Billings, Mont. "Vested interests in animal slaughter have mounted a campaign against reinvigoration of laws designed to protect the market for producers' market-weight animals, and for retail use by consumers, too. The facts are no barrier for what is said from time to time"Cattle markets ARE broken, and so are (Nevil) Speer's economic and statistical analyses. Contrary assertion may be made out of emotional attraction to packers, but they cannot be based on economics--
This information according to a new white paper by C. Robert Taylor, Ph.D., the Alfa Eminent Scholar and Professor of Agricultural Economics at Auburn University, and David A, Domina, an Omaha, Neb., trial lawyer with significant antitrust and agriculture-related experience.

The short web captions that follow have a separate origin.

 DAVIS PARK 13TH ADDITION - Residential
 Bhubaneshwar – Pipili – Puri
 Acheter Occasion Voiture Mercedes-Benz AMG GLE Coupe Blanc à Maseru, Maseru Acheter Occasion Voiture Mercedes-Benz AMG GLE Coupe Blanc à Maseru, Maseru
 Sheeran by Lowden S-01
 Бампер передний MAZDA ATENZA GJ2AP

"These data show, over the past six years, that the return on equity for beef retailers has been 21 percent; beef packers, 17 percent, and for cattle producers the return on equity has been minus .5 percent, which clearly indicates that we have neglected to address the economic necessity of providing independent U.S. cattle producers with an opportunity to be profitable in this industry," said R-CALF USA CEO Bill Bullard. "We have been squeezing the profits away from independent producers, who once were supporting rural communities. Those communities have now lost that cattle-industry revenue generator, and as a result, we see economic recession in Rural America and we must reverse that trend."

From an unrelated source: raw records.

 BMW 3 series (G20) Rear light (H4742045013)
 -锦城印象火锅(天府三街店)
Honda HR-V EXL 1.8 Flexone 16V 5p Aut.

Importantly, the paper states: --Clem Ward, a livestock economist at Oklahoma State University, concluded in a DOJ (Justice Dept.) submission that the small negative impact of captive supplies is 3% or less of the gross sale price of slaughter cattle. The 3% goes to the packer but should go to the producer. Three percent of a $1,000 animal is $30. Iowa State University's John Lawrence's estimated returns to feeding a No. 1 steer calf to choice grade averaged $24/head over the past 30 years (in current dollars). Over the 1981-1994 period--essentially before captive supply--inflation adjusted returns averaged $42/head. A "small' captive supply impact of 3% means a downward loss of more than 71% of total profit!"

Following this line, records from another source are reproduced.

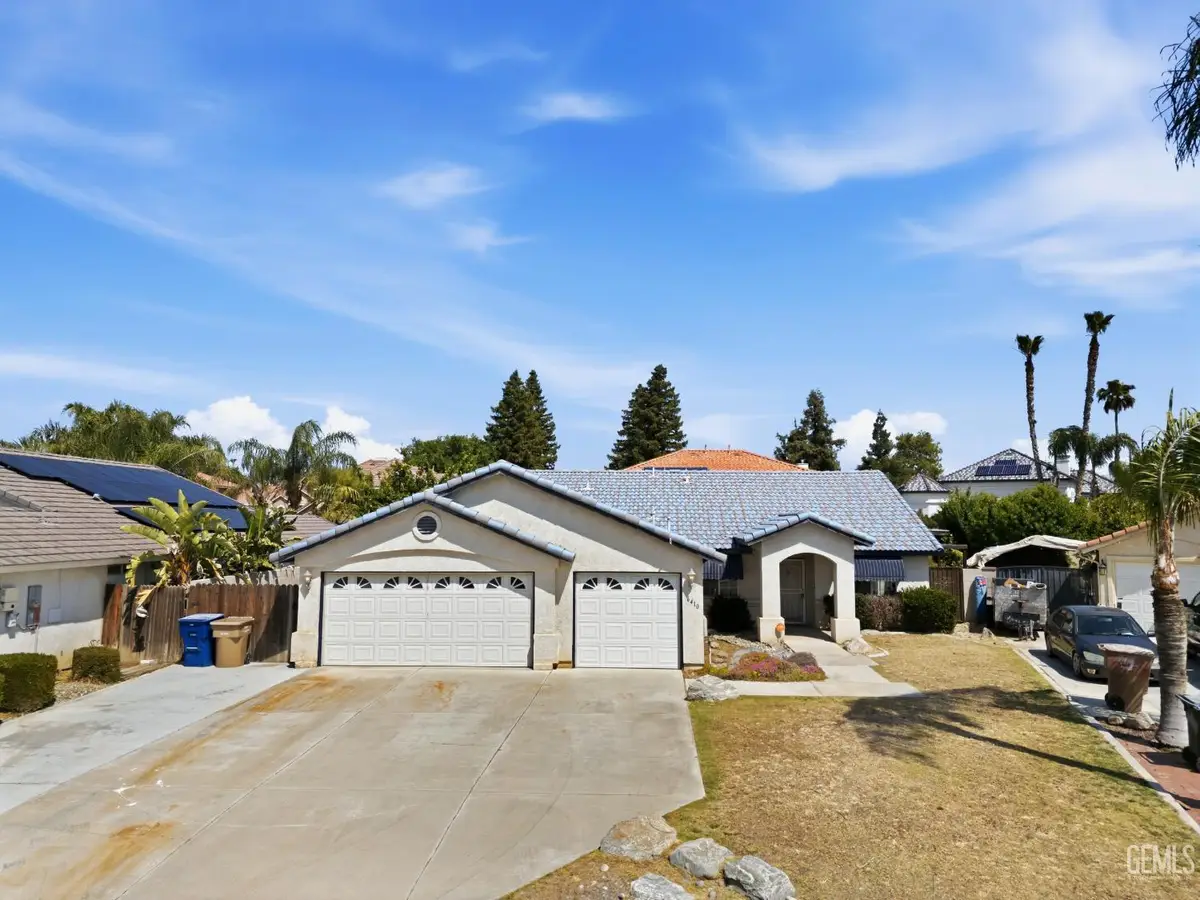 6410 SPRING RIDGE DRIVE, Bakersfield, CA 93313 - #1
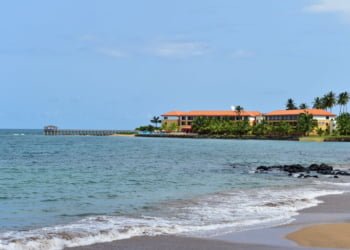 Pestana São Tomé reabre com a garantia “Clean & Safe”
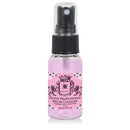 SHANY Detox Professional Brush Cleanser - Instant dry - Travel Size - 1oz SHANY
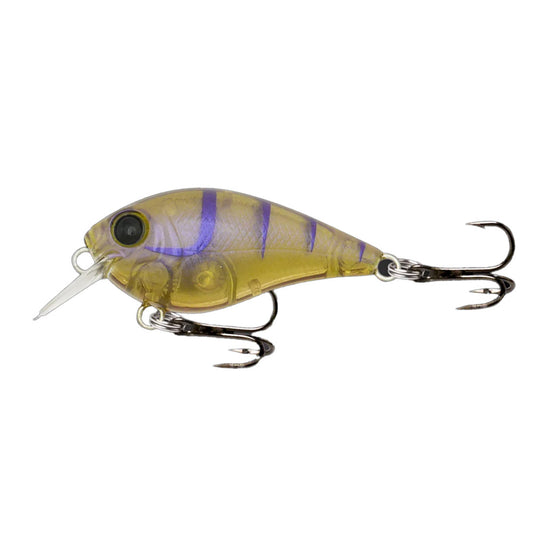 Fishcraft B Cranky 38S Hardbody Lure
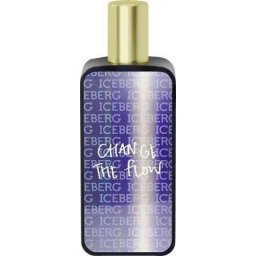Iceberg Iceberg Change The Flow For Him edt 50ml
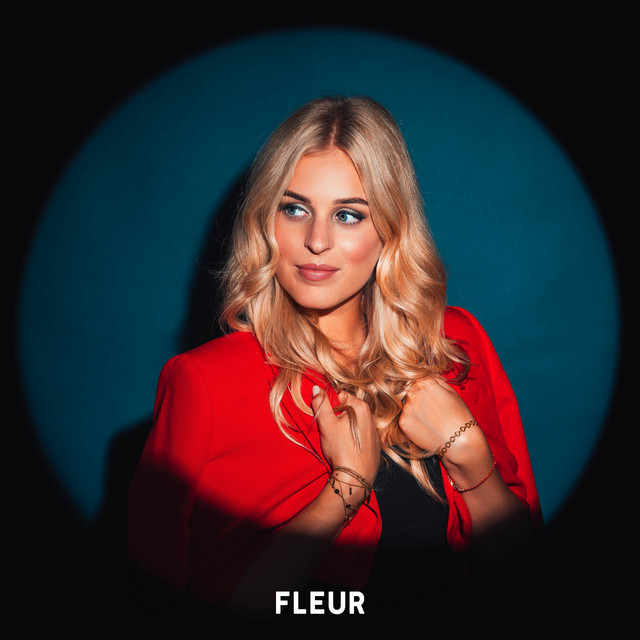 FLEUR - Daarboven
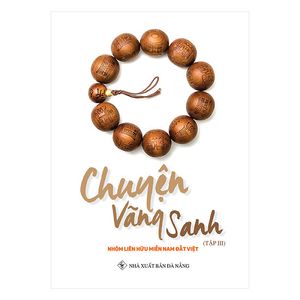 chuyện vãng sanh tập 3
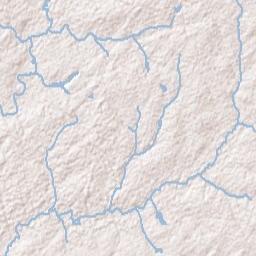 4533 Charlotte Highway, Lancaster, SC Terrain Map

Speer's data, when corrected, actually reveal that reduced negotiation in the cash market, resulting from increased captive supplies, depresses cash price by an average of 5.2 percent price effect, which means going from a modest profit to a loss of $8 per head a whopping sum, according to Taylor.
"USDA data even show a negative return on equity of 2 percent for all cattle farms, averaged over the past 13 years, and even the "very large' cattle farms which had an average 8,800 acres and likely included some feedlots, had a return on equity of only 5 percent for the same period," Bullard explained. "In a truly competitive industry, we would expect long-term returns on equity for cattle production to approximately equal other sectors, or 15 percent to 20 percent."
Additionally, when it comes to Alternative Marketing Agreements (AMAs), more refined statistical analyses, accounting for separate effects of different types of AMAs reveal that packer-owned cattle do not likely affect cash price as much as AMAs tied to the cash price, according to Taylor.
""Requiring packers to "bid' the base price in AMAs would eliminate the distorted economic incentive, but would not eliminate monopsony power or the leverage the packer gains in the residual cash market with packer owned or pre-committed cattle. Monopsony power would continue to depress bid prices in the AMAs as well as offers in the cash market, but the price of AMAs would no longer be tied to a thin market"," the paper states.